Tuesday, December 19, 2006

When truth is sacrificed

When truth is sacrificed
Tzvetan Todorov
Copyright by The International Herald Tribune
Published: 2006-12-18 10:27:59


PARIS: One of the most interesting conclusions of the Baker report lies in the fact that, since the beginning of the war in Iraq, the U.S. government has often dismissed information that contradicts its policies, and that this refusal to acknowledge the truth has had dire consequences.

The report states in measured but unyielding terms: "Good policy is difficult to make when information is systematically collected in a way that minimizes its discrepancy with policy goals." In other words, the government has treated truth as an insignificant value, which can be readily sacrificed to the will of power.

This finding comes as no surprise for observers outside the United States. The war against Iraq was based on a dual lie or dual illusion — that Al Qaeda was linked to the Iraqi government and that Iraq possessed weapons of mass destruction.

Since the fall of Baghdad, this casual approach to truth has been demonstrated repeatedly. As the world discovered images of torture and stories of executions in the Abu Ghraib prison, we were being assured that democracy was starting to take root in Iraq. While hundreds of prisoners have been rotting for five years in the Guantánamo camp, deprived of the possibility of legal recourse and subjected to degrading treatment, we hear that the United States is working to uphold human rights.

What does come as a surprise, however, is that for nearly five years, it was possible to put a moratorium on truth in a great democracy like the United States. There is good reason to worry: Despite the pluralism of political parties and the freedom of the press, the population of a liberal democracy can still be persuaded that black is white, and white is black.

How can such a degree of susceptibility be explained?
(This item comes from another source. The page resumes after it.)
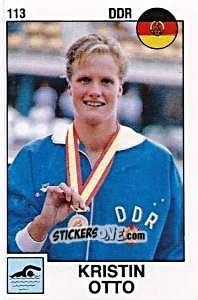 Sticker Kristin Otto - Supersport 1988 n. 113 - Panini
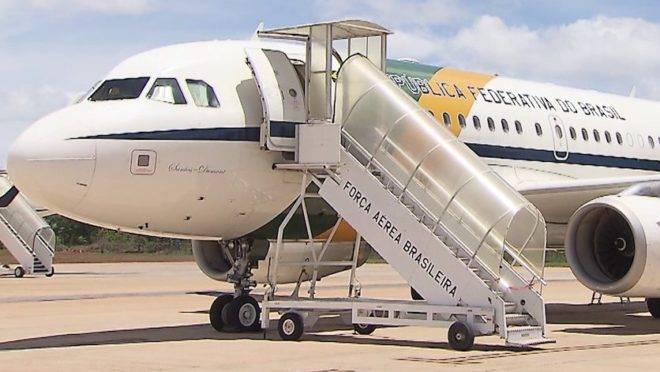 Militar preso com drogas em avião da FAB que levava a comitiva presidencial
First, the majority of the population in any country blindly obeys politicians and the mainstream media (opinions from foreign countries are generally treated with suspicion).

From September 2002, clear-headed statements were heard from various U.S. politicians and publications, but these messages were not conveyed by prominent institutions like the Democratic Party, major television stations and leading newspapers. America was consumed by a patriotic fever, with truth relegated to the back seat.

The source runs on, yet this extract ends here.